▸ **What is needed**
Your answer must be the exact lines from the one with "Astro is great" to the end of the data, both included, with no pictures.

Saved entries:
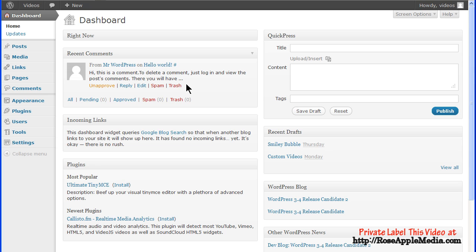You can approve a comment, unapprove a comment that's been approved, reply to the comment, edit the comment, mark it as spam, or send it to the trash. The line at the bottom of this box gives a summary of all the comments. Clicking on any of these links takes you to the table with a list of those comments.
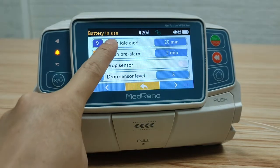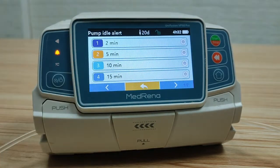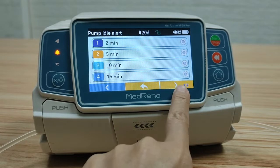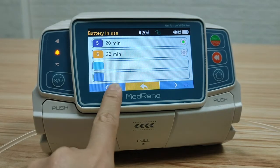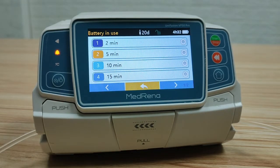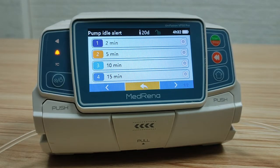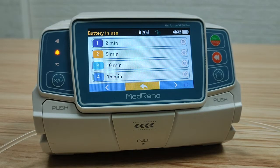Pump idle alert: there are six different time intervals for choosing. When the pump is not operated for a certain period of time, it prompts an alert to remind the user.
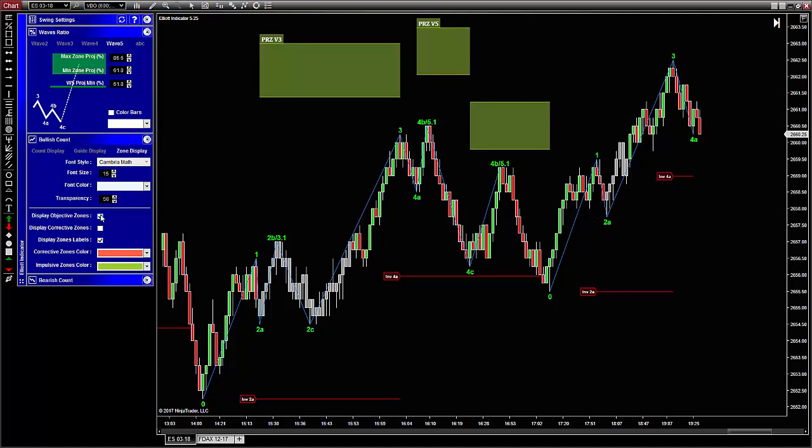As you can see, when prices are in wave three, they are supposed to slow down in this area, and this is a good zone to take partial or entire profits.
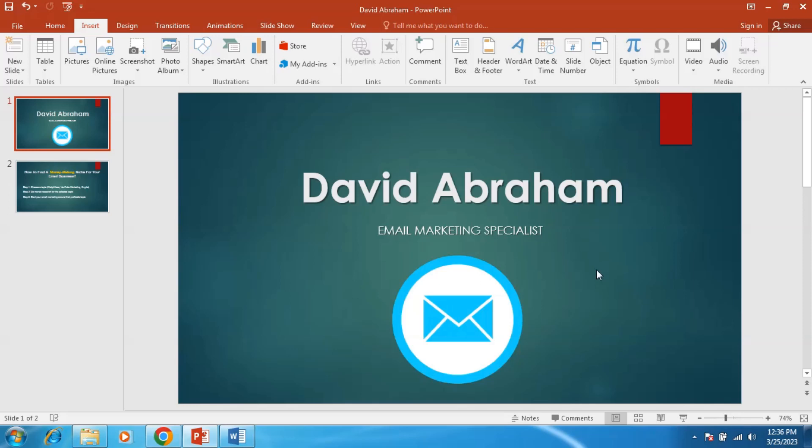Hi, I'm David Ibrahim, your email marketing specialist.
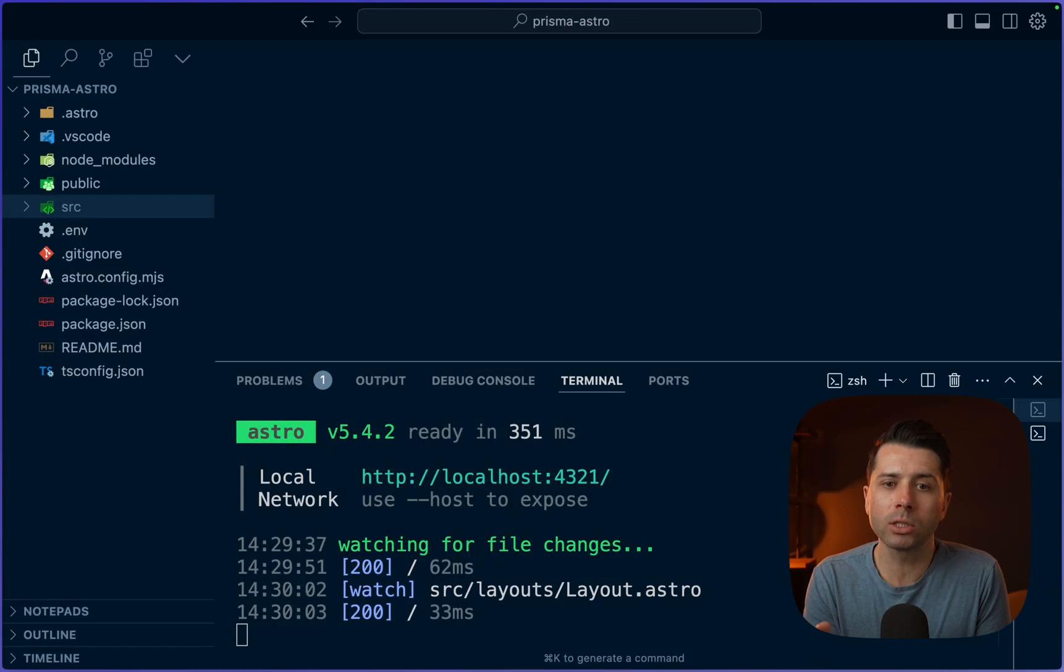Astro is great for making content driven websites, things like marketing sites or blogs or things that are just more static in nature. But if we need to make websites or even applications that are more dynamic and call a database quite frequently, Astro is a great choice for that as well. It pairs very well with Prisma. Today we're going to take a look at how to use Prisma plus Prisma Postgres in an Astro application.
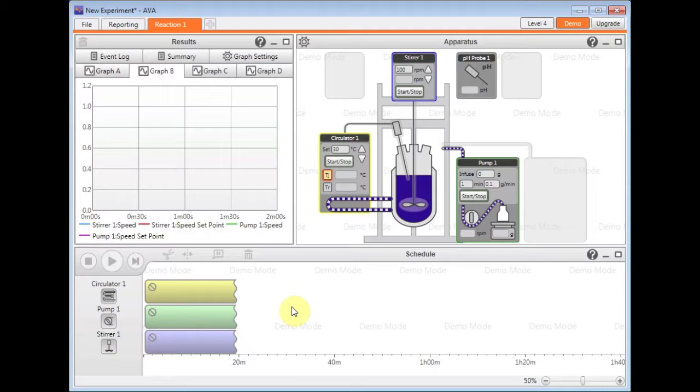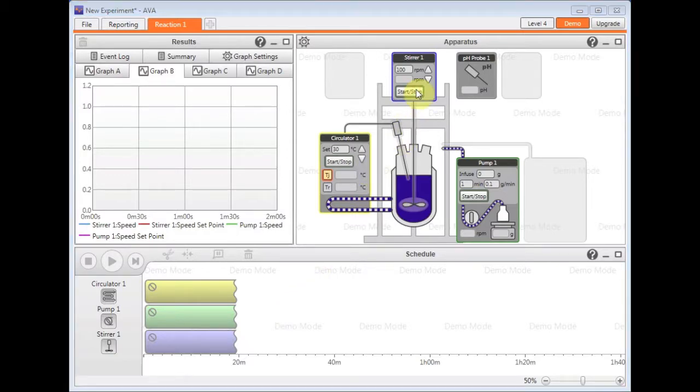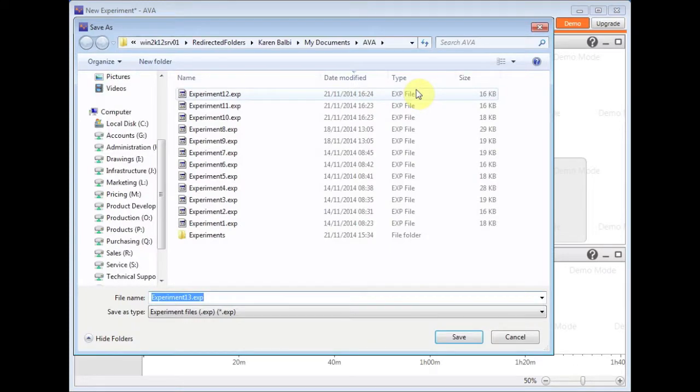To begin with, I'm going to show you the control from the apparatus window. To start the apparatus control, simply click on the start stop button within the apparatus window for the device itself that you wish to start. This prompts you to enter an experiment name for the setup and data that's for this file.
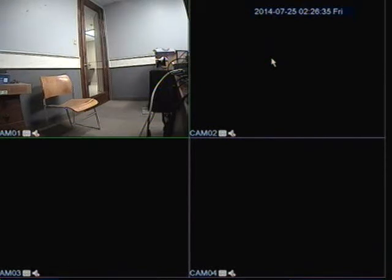Hi, how are you doing? My name is Lacham from 2MCCTV.com. In this video, we are going to go over how to change the camera resolution on the DVR.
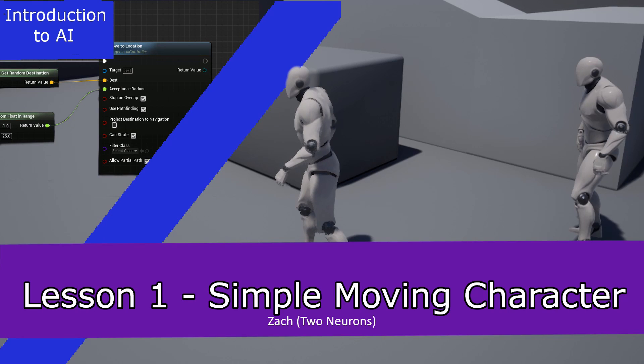Hey everyone, Zach here, and welcome to the first lesson of this AI tutorial series.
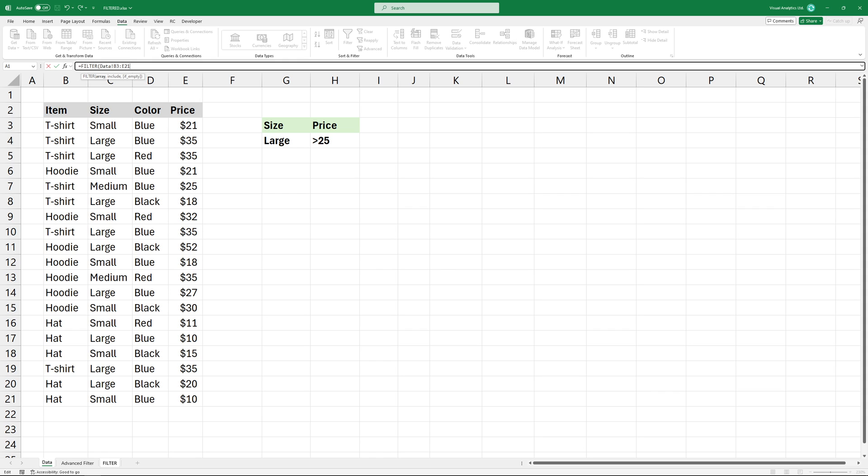In the example, I'm using two criteria. Add the first criteria. I'm using a multiplication sign which is equal to the AND logical operator. Then add the second criteria.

▸ **Solution to this task**
Astro is great for making content driven websites, things like marketing sites or blogs or things that are just more static in nature. But if we need to make websites or even applications that are more dynamic and call a database quite frequently, Astro is a great choice for that as well. It pairs very well with Prisma. Today we're going to take a look at how to use Prisma plus Prisma Postgres in an Astro application.
To begin with, I'm going to show you the control from the apparatus window. To start the apparatus control, simply click on the start stop button within the apparatus window for the device itself that you wish to start. This prompts you to enter an experiment name for the setup and data that's for this file.
Hi, how are you doing? My name is Lacham from 2MCCTV.com. In this video, we are going to go over how to change the camera resolution on the DVR.
Hey everyone, Zach here, and welcome to the first lesson of this AI tutorial series.
In the example, I'm using two criteria. Add the first criteria. I'm using a multiplication sign which is equal to the AND logical operator. Then add the second criteria.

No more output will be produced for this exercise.